Ruth Sheen is an English actress. From the late 1980s, she has appeared in British television shows, films and plays. A participant in the films of Mike Leigh, she won the European Film Award for Best Actress for her performance as Shirley in Leigh's High Hopes (1988).

Early life 
Sheen was born in Stepney, London. She began her career training at the East 15 Acting School.

Career

Television 
Sheen had recurring roles as Nanny Simmons in Berkeley Square (1998) and as Nurse Ethel Carr in the series Bramwell (1995–1998). She also appeared as four different characters in six episodes of The Bill between 1989 and 2004. Also in 2004 she appeared in Agatha Christie’s Marple “The Murder at the Vicarage” as Mrs Tarrant.

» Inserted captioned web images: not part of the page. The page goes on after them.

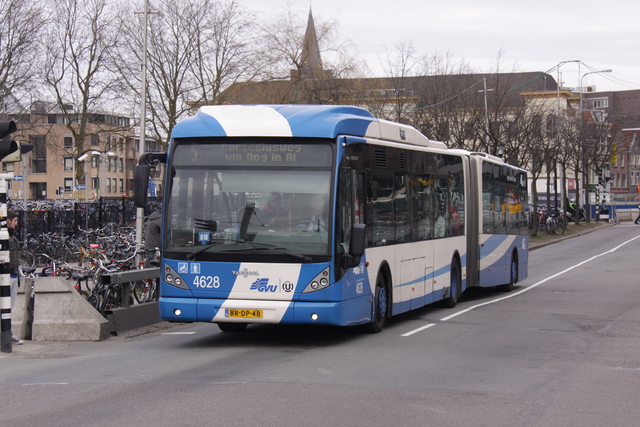 Foto van GVU Van Hool AG300 4628 Gelede bus door Schienenbus795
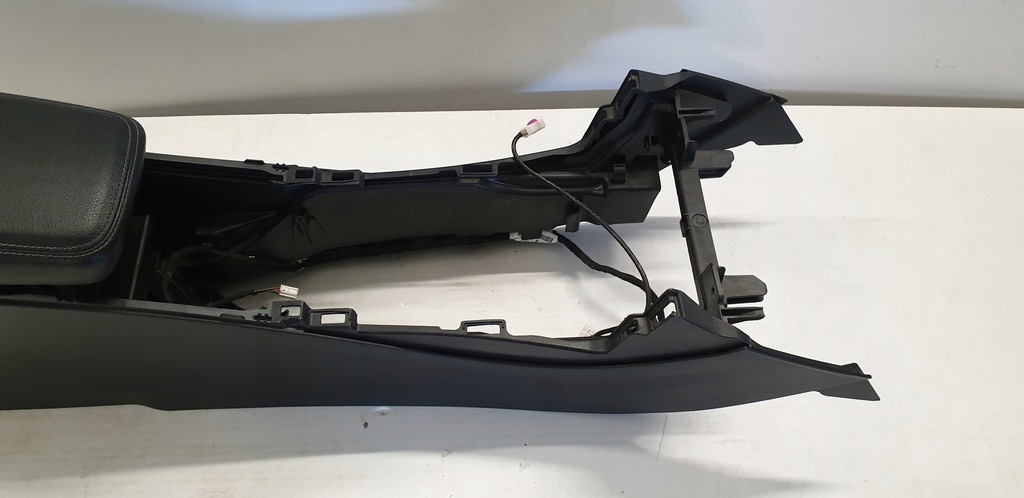 фото №6, Mercedes cla a117 w117 gla x156 w156 подлокотник туннель средний 13-19r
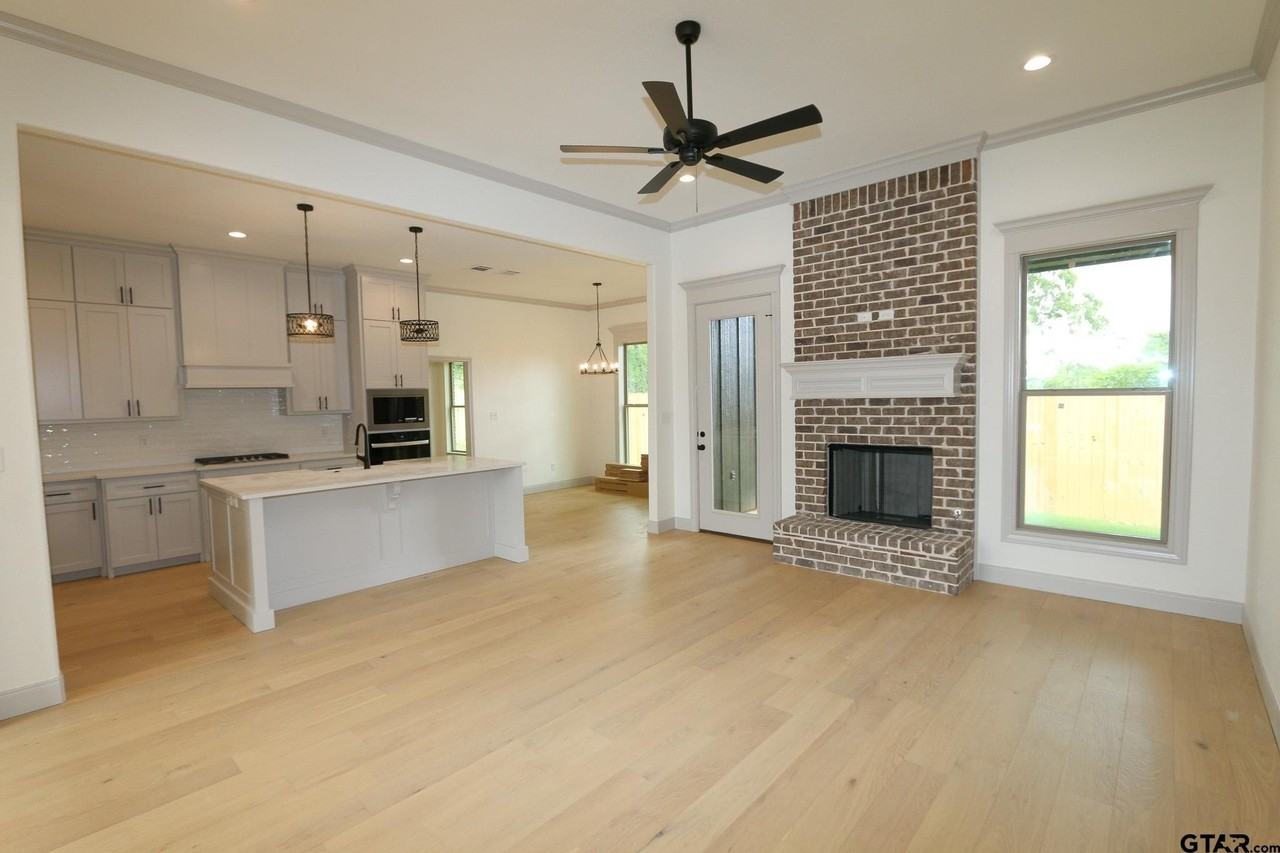 11796 Jayden Ln - Photo 7 of 31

She played Maureen Tacy in the series Doc Martin (2002) and appeared as Mrs Jones in the 2007 drama mini-series Fanny Hill, based on the erotic novel by John Cleland.

She appeared in Agatha Christie’s Poirot “Elephants Can Remember” (2013) as Madame Rosentelle and in Misfits (TV Series) as Maggie.

Sheen was the titular Elizabeth in "The Trial of Elizabeth Gadge", a 2015 episode of Inside No. 9. She has a supporting role as a pub landlord in the comedy series Brassic (2019–). Also in 2015. she appeared in the TV series Unforgotten as Lizzie Wilton and in 2016 in Midsomer Murders “Saints and Sinners” as Valerie Horton. In 2017, she acted in the TV mini-series Prime Suspect 1973 as Renee Bentley.

In 2021, Sheen featured in the last episode of the miniseries It's a Sin.

In 2022, Sheen appeared as secretary of private investigator C.B. Strike in season five of the series Strike.

Film 
Sheen frequently appears in the films of Mike Leigh. She played the female lead in High Hopes (1988), a laughing woman in Secrets & Lies (1996), Maureen in All or Nothing (2002), Lily in Vera Drake (2004), Gerri in Another Year (2010), and Sarah Danby in Mr. Turner (2014).

High Hopes was her breakthrough role. After Another Year she commented on Leigh's preference for improvisation: "It's a unique way of working... He's quite a hard taskmaster."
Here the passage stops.